2020年に新型コロナウイルス感染症が流行して以降、国内の麻疹(はしか)の発生報告数は、年間10例以下に減少していました。
しかし、2023年には28例へ増加し、今年もすでに発生数は20例を上回っています。
麻疹(はしか)ウィルスは非常に感染力が強く、免疫を持っていない人が同じ部屋にいた場合にはほぼ100%感染するといわれており、予防接種が最も有効な予防法です。
感染経路
空気感染することが特徴です。空調を共有していれば、感染者から遠く離れていても感染する可能性があります。
飛沫感染、接触感染もします。
潜伏期間
潜伏期間は6〜21日です。

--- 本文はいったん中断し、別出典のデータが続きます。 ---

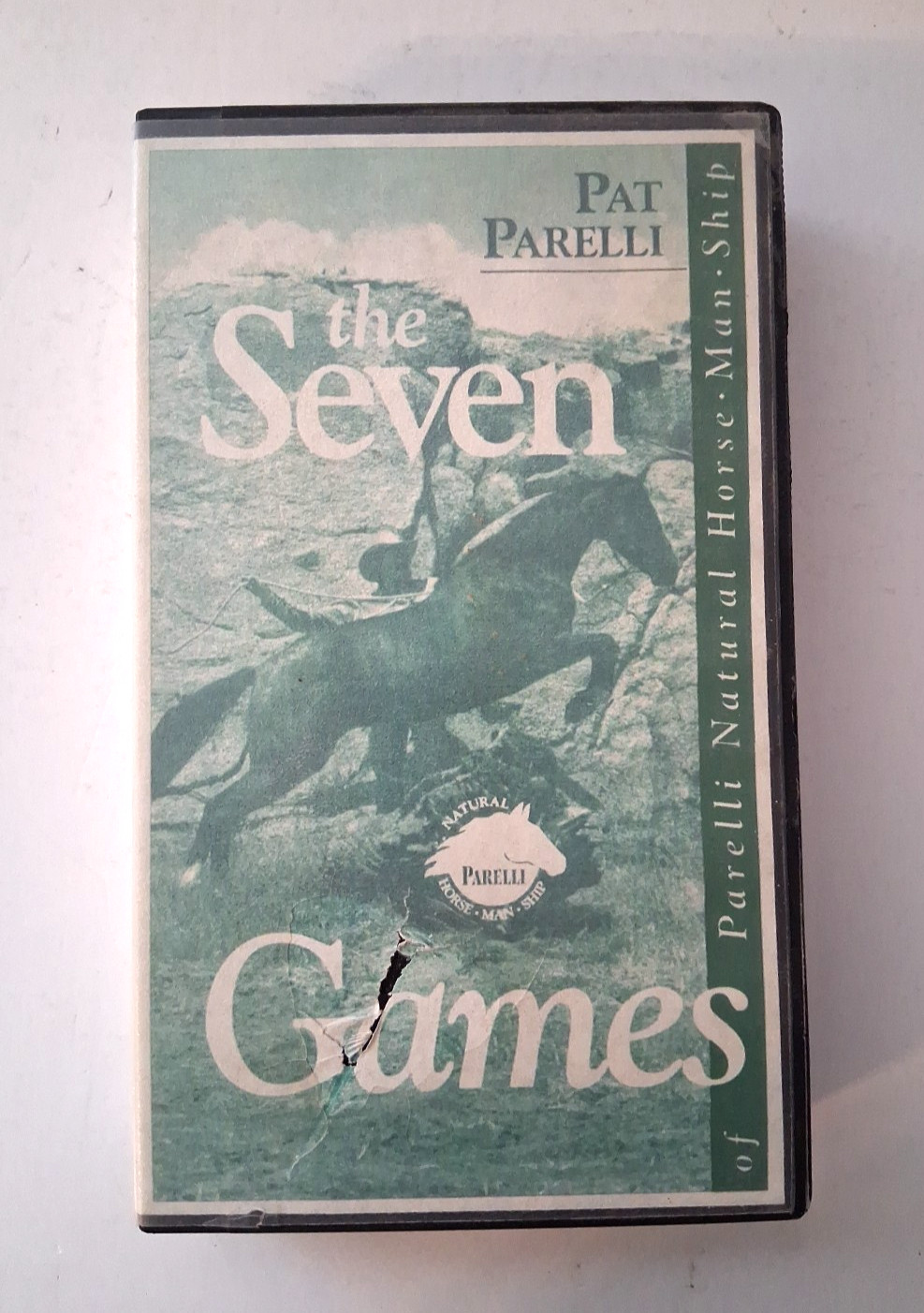 The 7 Games of Parelli Natural Horse-man-ship VCR VHS Video Tape by Pat Parelli
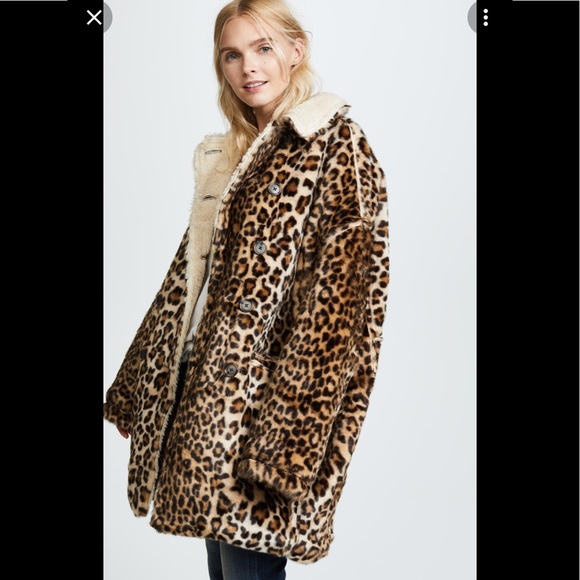 R13 Leopard oversized coat - worn a handful of times - EXCELLENT condition - Picture 1 of 5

症状が出る1〜2日前から人に感染させる可能性があります。
対策をしない場合には、一人の感染者が9〜18人に感染させる強い感染力があります。
主な症状
- 39〜40度の高熱、だるさ
- 鼻水、咳、喉の痛み
- 目の充血、目やに
- 顔→首→胸や背中→腕→脚の順で広がる皮疹。手のひらや足の裏にも出る。
経過
発熱、咳、結膜の充血、目やになどの風邪症状が3日ほど続き、その3−4日後から、顔から皮疹が出現し、3日以内に体全体に広がります。皮疹は、融合傾向を示しながら、7日間くらいで色素沈着を残して治癒します。

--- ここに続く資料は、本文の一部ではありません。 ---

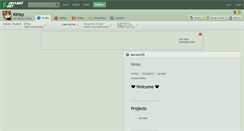 Desktop Screenshot of kirtsy.deviantart.com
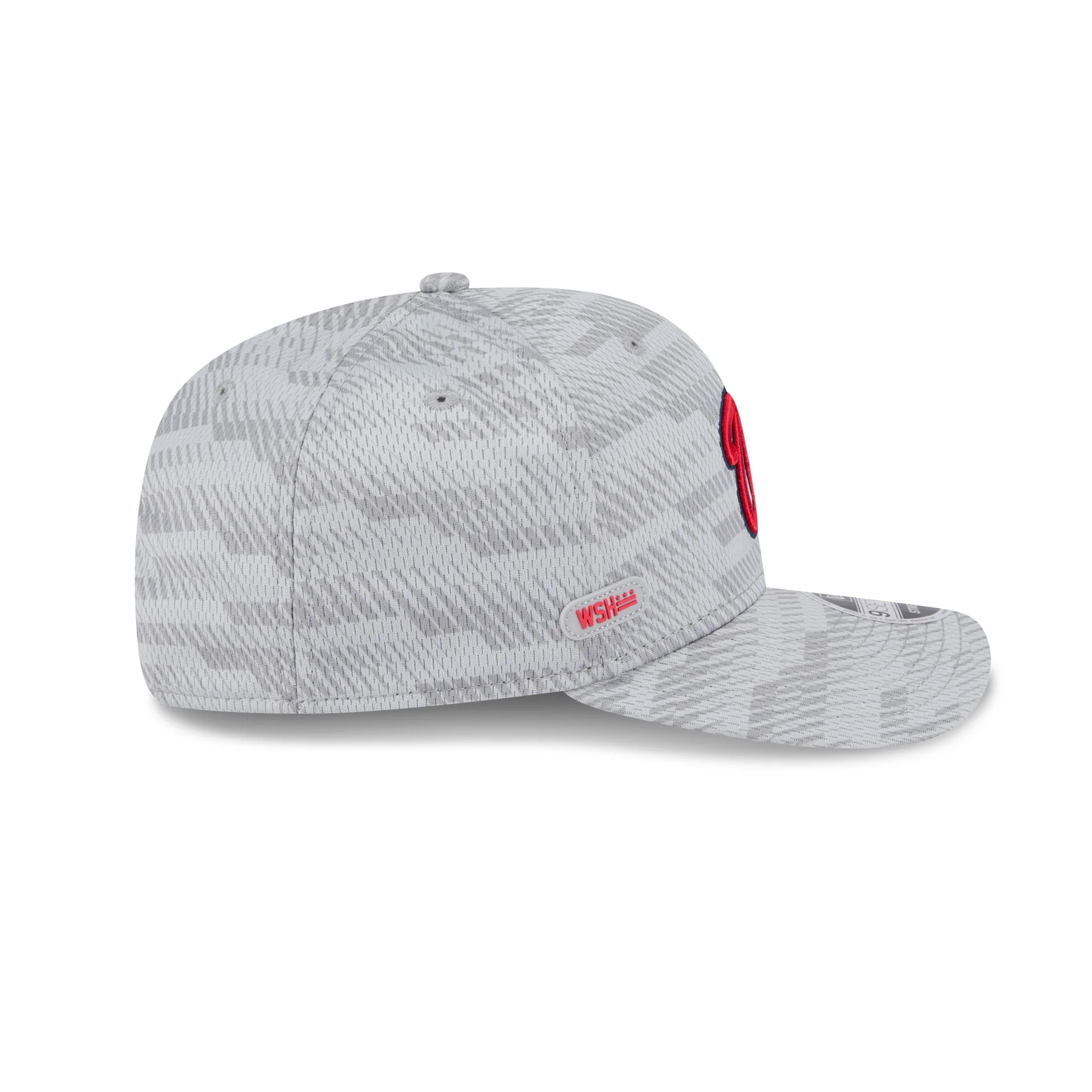 Washington Nationals 2025 Clubhouse Gray 9SEVENTY Stretch-Snap Hat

麻疹(はしか)に感染すると、一時的に免疫力が低下し、他のウィルスや細菌感染のリスクが上昇することがわかっています。
また、合併症として問題となるのは肺炎と脳炎です。小児では、麻疹の合併症の中で肺炎が一番多い死因です。脳炎は、成人に多く、約1000人に1人が発症します。約25%が後遺症を残し、約15%で死亡します。
また、亜急性硬化性全脳炎(SSPE)という感染者の1万人〜10万人に1人に発症する遅発性の病気があります。麻疹(はしか)にかかってから5〜10年後に発症し、2歳未満での感染がリスク因子です。記憶力低下や行動異常、性格変化、痙攣などが初発症状で、知能・運動障害が進行し、数年の経過で死亡します。
治療
特別な治療法はなく、症状を軽くする対症療法が行われます。
麻疹(はしか)患者と接触した後、72時間以内に麻疹ワクチンまたはMRワクチンを接種することで、発症を予防できる可能性があります。
予防
以上のように、麻疹(はしか)は非常に強い感染力を持ち、死に至る可能性のある病気です。予防接種での予防が非常に重要です。

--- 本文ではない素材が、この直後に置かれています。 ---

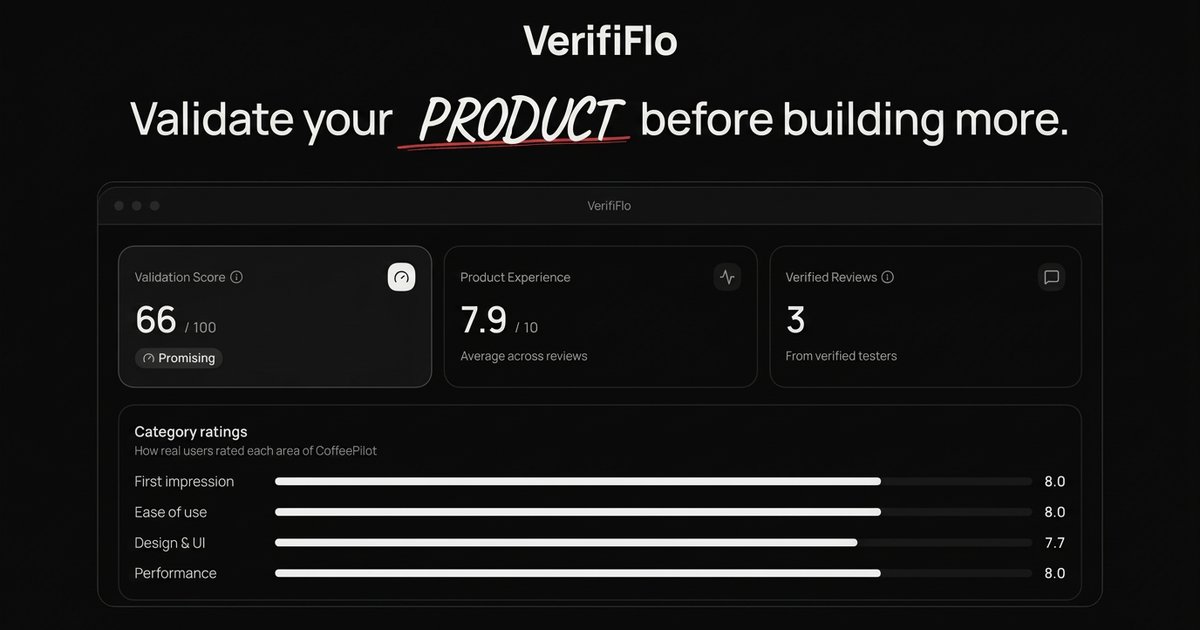VerifiFlo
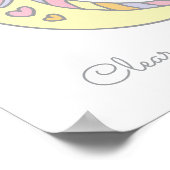 C monogram art Clare girls name meint poster (Ecke)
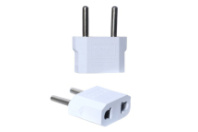 Сетевой переходник Евро вилка B007, белый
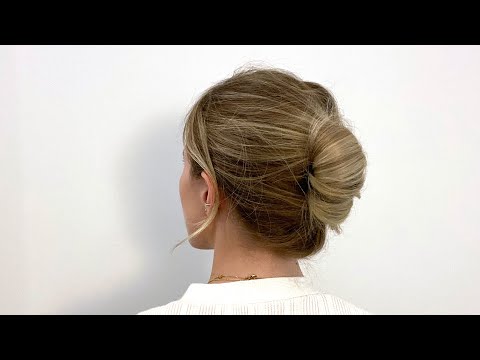 How to: French Twist - for mid-length &amp; short hair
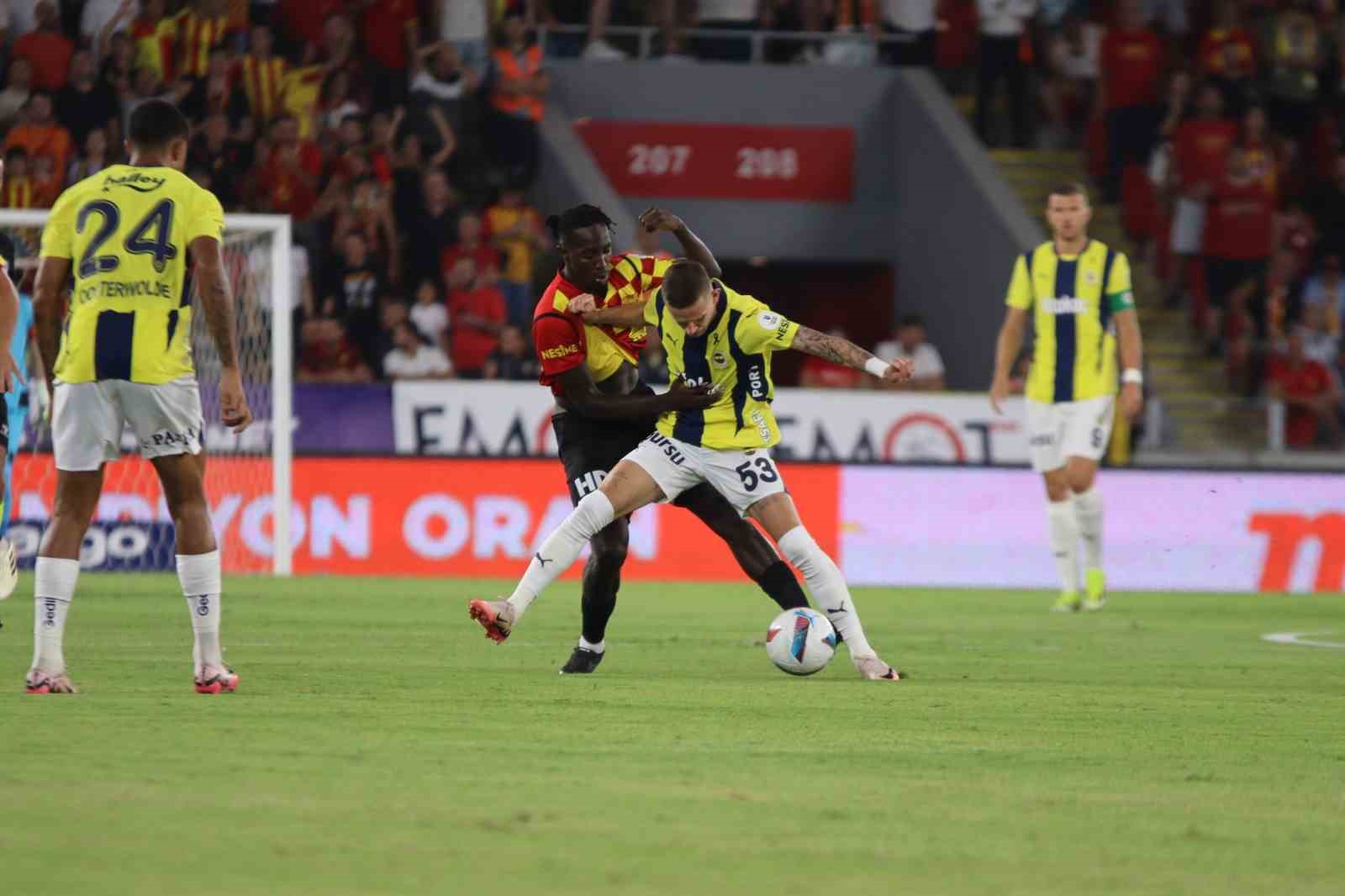 Trendyol Süper Lig: Göztepe: 0 - Fenerbahçe: 0 (Maç devam ediyor)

1990年4月2日以降に生まれた年代は、ワクチンを定期接種で2回受けているはずです。
ワクチンの接種回数が1回であった30代以上や2回の接種の機会があったのに1回しか受けていない人は
感染のリスクが高いです。
麻疹(ましん)を含むワクチンをまだ2回接種していない人は、できるだけ早く2回接種しておきましょう。